HOW TO COMPLETE THIS TASK
Skip the pictures and restate, word for word, the lines from the one containing "Eventide PitchFactor" to the end of the data below.

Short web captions
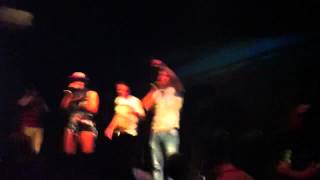 HD3 - R.I.P (Cover) Live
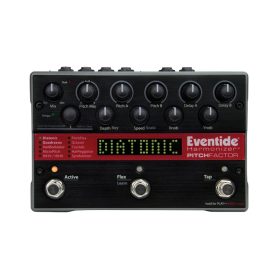 Eventide PitchFactor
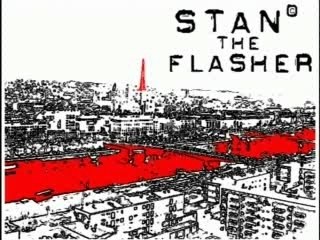 Stan the Flasher - Rouen (CZPK Main Mix)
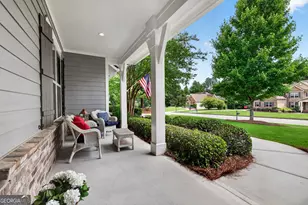102 Waterlace Way, Fayetteville, GA 30215 - Photo 4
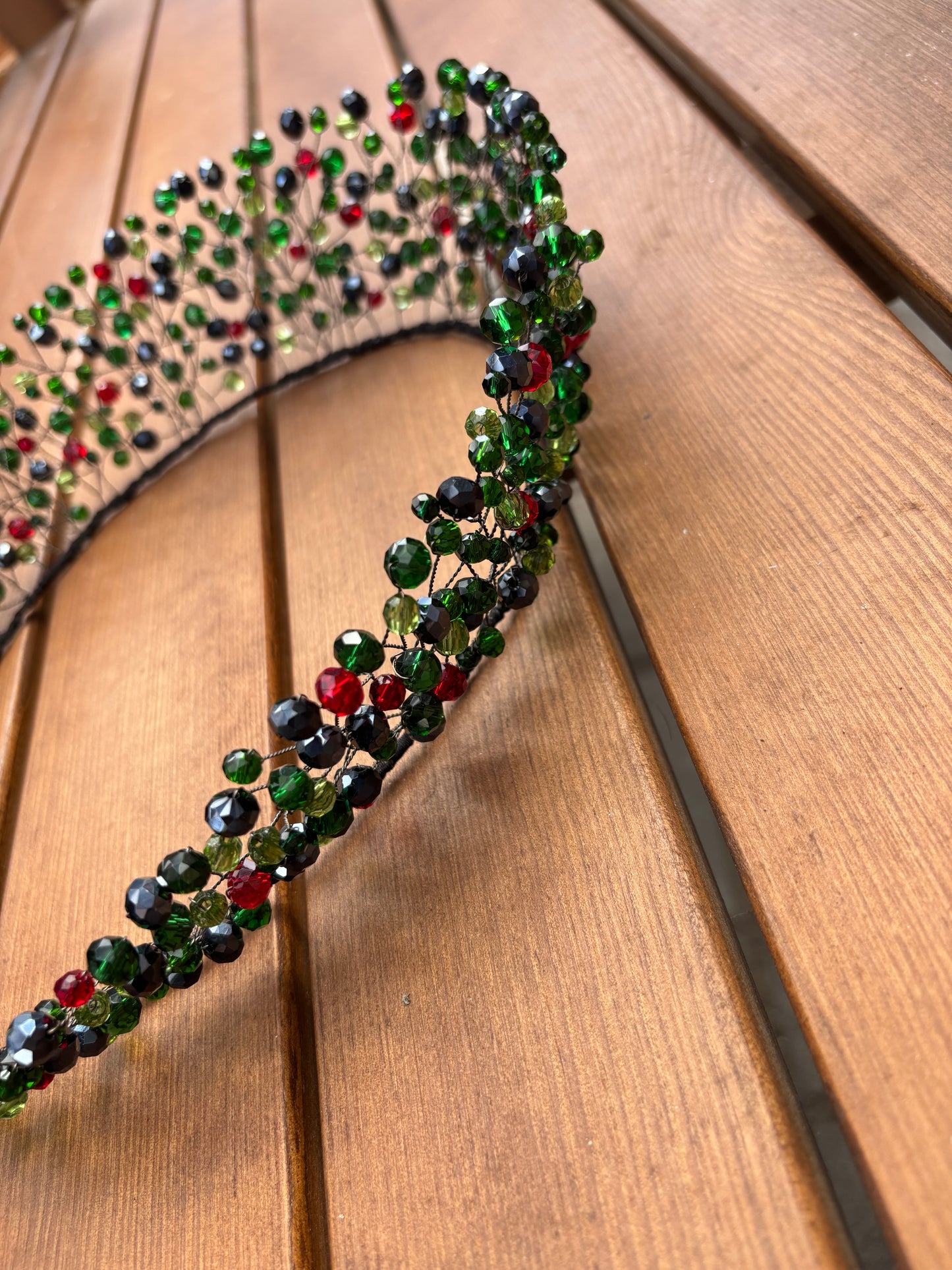 Kronis ''Brūkleņu šarms''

ANSWER AREA
 Eventide PitchFactor
 Stan the Flasher - Rouen (CZPK Main Mix)
102 Waterlace Way, Fayetteville, GA 30215 - Photo 4
 Kronis ''Brūkleņu šarms''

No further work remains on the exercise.